In Switzerland, a strong SME economy has developed based on free global trade relations despite a meagre base of raw materials. Thus export-orientation is the lifeline of the Swiss economy. It is therefore vital for Switzerland to keep these trade relations stable. Trade, as practised by Switzerland as a neutral country without the possibility of territorial power, is based solely on mutual benefit. Either the benefit is mutual, or trade does not materialise at all. This characterises the Swiss export business culture.

Switzerland’s status of neutrality, which was achieved early on in history, is closely linked to the development of free trade and Switzerland’s industrial development. At the end of the 19th century, Switzerland was the most liberal and the most democratic country in Europe.

It is not unimportant for trading partners that Switzerland remains internationally neutral, and conversely that neutrality also protects Switzerland from foreign attempts to interfere. This is because trading partners can be sure that Switzerland will not burden their economic relations with trade wars and violations of property rights.

The stability associated with neutrality is valued globally. This is why Switzerland is asked to provide good offices. This demonstrates the emancipatory and thus peace-building power of neutrality: the ability to abstract from individual interests and thus to recognise conflicts in their context and from their origins. This neutral position above the conflict helps the parties to the conflict to find ways to defuse it, as demonstrated most recently by Switzerland’s contribution to the Minsk Agreement.

Opponents of neutrality now accuse neutral states of being misused for circumventing deals and thus rendering the sanctions decided by one party to the conflict ineffective in favour of the sanctioned party. In this way, the neutral state inevitably takes sides with the sanctioned party. However, this accusation is unfounded.

Neutrality consists precisely in preventing such circumvention deals for all by ensuring that all parties to the conflict are treated equally by the country committed to neutrality. This is done transparently by ensuring that trade transactions remain aligned with the long-term average (the so-called “courant normal”).
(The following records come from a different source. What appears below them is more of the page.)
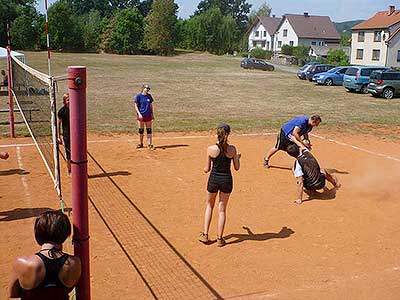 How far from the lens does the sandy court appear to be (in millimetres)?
6082

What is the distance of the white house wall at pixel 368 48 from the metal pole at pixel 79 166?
208 feet

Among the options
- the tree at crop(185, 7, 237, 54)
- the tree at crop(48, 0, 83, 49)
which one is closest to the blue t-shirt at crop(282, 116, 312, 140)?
the tree at crop(48, 0, 83, 49)

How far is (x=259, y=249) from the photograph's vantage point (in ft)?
23.4

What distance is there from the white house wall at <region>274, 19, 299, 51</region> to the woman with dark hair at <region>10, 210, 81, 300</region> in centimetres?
8669

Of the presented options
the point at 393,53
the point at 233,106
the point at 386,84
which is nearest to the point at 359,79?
the point at 386,84

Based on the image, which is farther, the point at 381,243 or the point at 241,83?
the point at 241,83

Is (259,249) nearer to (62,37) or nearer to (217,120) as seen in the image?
(217,120)

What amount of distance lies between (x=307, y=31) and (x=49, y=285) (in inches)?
3505

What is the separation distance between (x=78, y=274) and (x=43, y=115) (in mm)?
12951

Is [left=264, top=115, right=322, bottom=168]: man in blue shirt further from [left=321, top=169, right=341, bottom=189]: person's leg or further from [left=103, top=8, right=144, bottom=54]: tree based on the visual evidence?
[left=103, top=8, right=144, bottom=54]: tree

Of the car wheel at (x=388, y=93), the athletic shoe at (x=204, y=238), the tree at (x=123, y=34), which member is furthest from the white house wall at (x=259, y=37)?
the athletic shoe at (x=204, y=238)

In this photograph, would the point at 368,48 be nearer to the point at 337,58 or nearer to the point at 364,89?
the point at 337,58

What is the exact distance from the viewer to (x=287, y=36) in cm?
8931

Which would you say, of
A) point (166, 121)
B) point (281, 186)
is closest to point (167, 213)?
point (281, 186)
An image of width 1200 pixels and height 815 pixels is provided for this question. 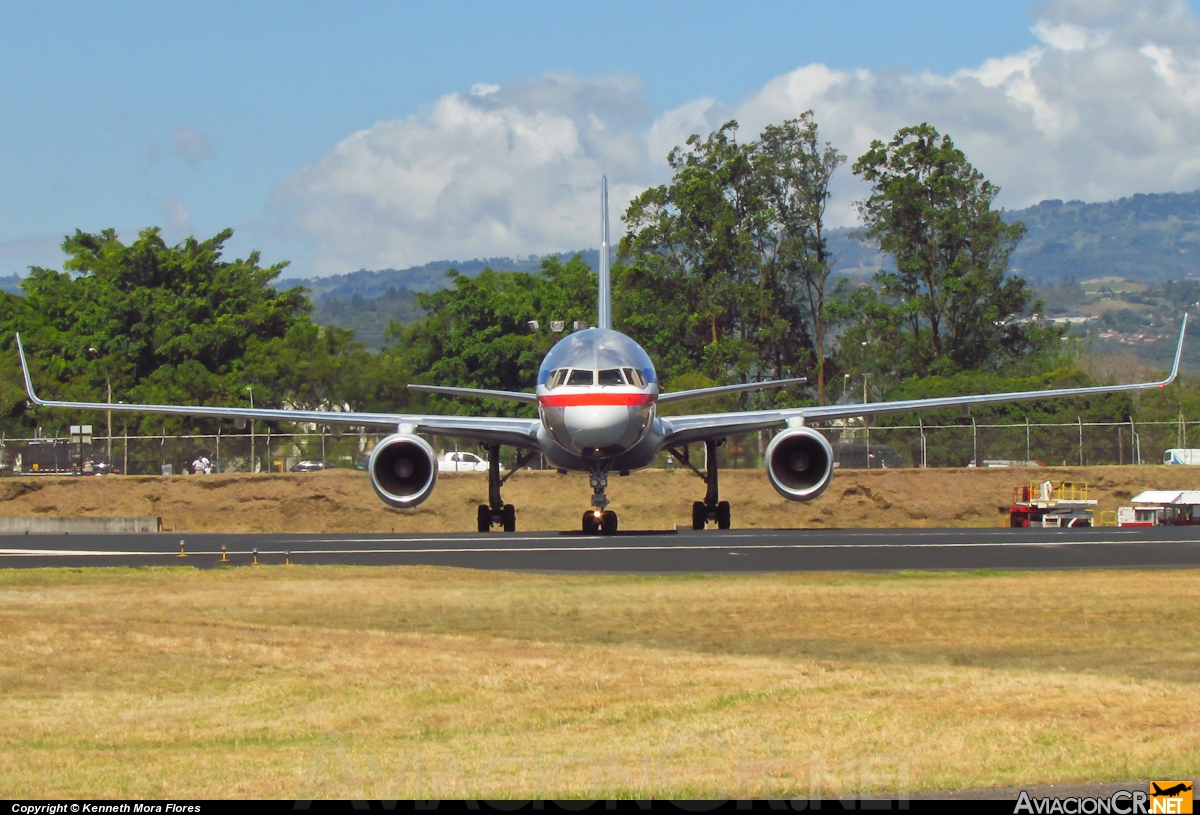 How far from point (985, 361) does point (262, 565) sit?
6940 cm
In the context of the Ukraine conflict, there have been calls for Switzerland to abandon its neutral position and no longer be able to avoid taking a stand against the aggressor.

However, this would mean that Switzerland would be violating its perpetual neutrality. In this European conflict, Switzerland would no longer be able to offer its good offices that Europe needs. For war begins with the breaking of treaties and agreements purely for the sake of power.

Today, the achievements of the European Enlightenment are once again coming under pressure, and with them the essence of Switzerland’s neutrality, which, as some people are now saying pejoratively and “deconstructively”, was “only imposed” on Switzerland in 1815 – right down to Switzerland’s assumed role as arbitrator, which must now finally give way to clear partisanship in wars.

However, this would mean that the achievement of not taking sides in foreign conflicts would be disposed of. This criticism of neutrality confuses taking sides with the resolution of the conflict and thus restricts a clear view of the causes of the conflict. Cui bono?

The first recognition of Switzerland as a state at the Congress of Vienna in 1815 was linked to the condition of neutrality. The aim was for the Great Powers to commit themselves not to occupy Swiss territory in the event of conflict. This was hardly because of Switzerland itself, but so that the territorial pivot between the German Confederation, France, Northern Italy and the equally interested Great Britain would remain neutral in the event of future conflicts.

In return, neutrality obliges Switzerland not to join any warring party. This means that Switzerland cannot be drawn into wars and become a belligerent, as this would give one of the belligerent’s accesses to Swiss territory. Conversely, this means that Switzerland may not be occupied by any of the major powers in a military conflict. This is an achievement of the European Enlightenment: the recognition of free statehood, which in return commits itself to neutrality – and therefore may not be violated by foreign powers. It was an achievement of Hegel’s practical philosophy, which was the subject of intense debate in high politics at the time.

“In the fact that the states recognise each other as such, even in war, the state of lawlessness, violence and randomness, a bond remains in which they are mutually valid in and of themselves, so that in war itself war is determined as a passing thing. It thus contains the determination of international law that in it the possibility of peace is preserved [...].”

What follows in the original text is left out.